Argentina deposits debt payment, but U.S. court blocks payout
By Hugh Bronstein
BUENOS AIRES (Reuters) - Argentina has deposited the next payment needed to avoid a default on its restructured bonds, but a U.S. federal court decided on Thursday not to let the payment go through.
Both actions increased the stakes in a 12-year legal chess game between Argentina and creditors who refused to accept the downgraded terms offered by the country's 2005 and 2010 debt restructurings and are suing for full repayment.
Argentina will have the month of July to negotiate with its holdout creditors before falling into technical default. The next payment is due on Monday, but with that payment blocked by the courts, Buenos Aires will have a 30-day grace period to strike a deal with the holdouts.
If it fails, Latin America's No. 3 economy would be pushed into another painful default at the end of next month.
Economy Minister Axel Kicillof said Argentina owes an $832 million coupon payment on restructured bonds on Monday.

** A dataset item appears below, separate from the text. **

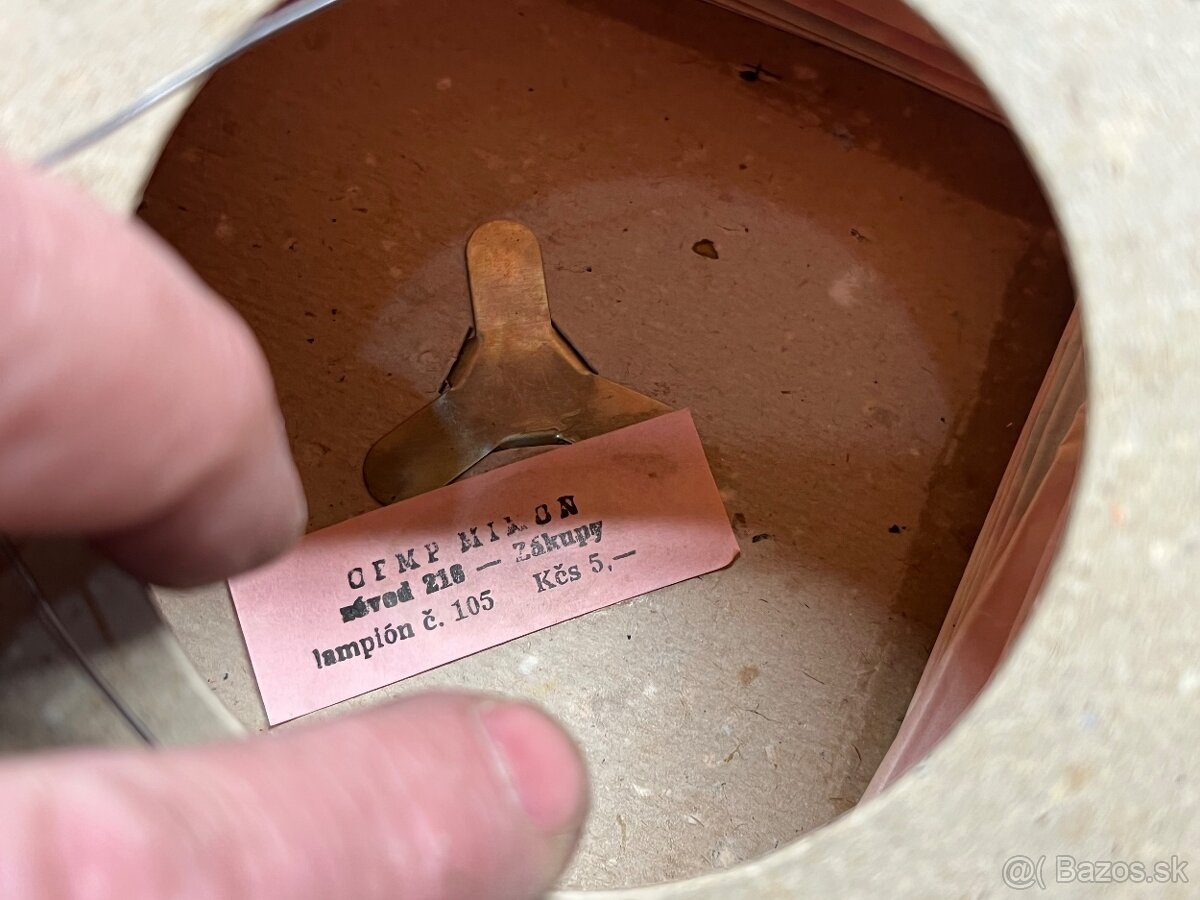 Staré Vianočné ozdoby s lampiónom a káblami. - 10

"Of that total, $539 million was deposited in the accounts ... of the Bank of New York Mellon at the Central Bank of Argentina," Kicillof said, adding that the rest of the $832 million had been deposited by way of other financial institutions.
"We affirm our commitment to honor our debt to all creditors," he said.
In order to pay holders of the country's restructured bonds, Argentina needed a stay to be issued by U.S. District Judge Thomas Griesa in New York because he had ordered earlier that Argentina was not to make payments without paying the holdouts at the same time. Continued...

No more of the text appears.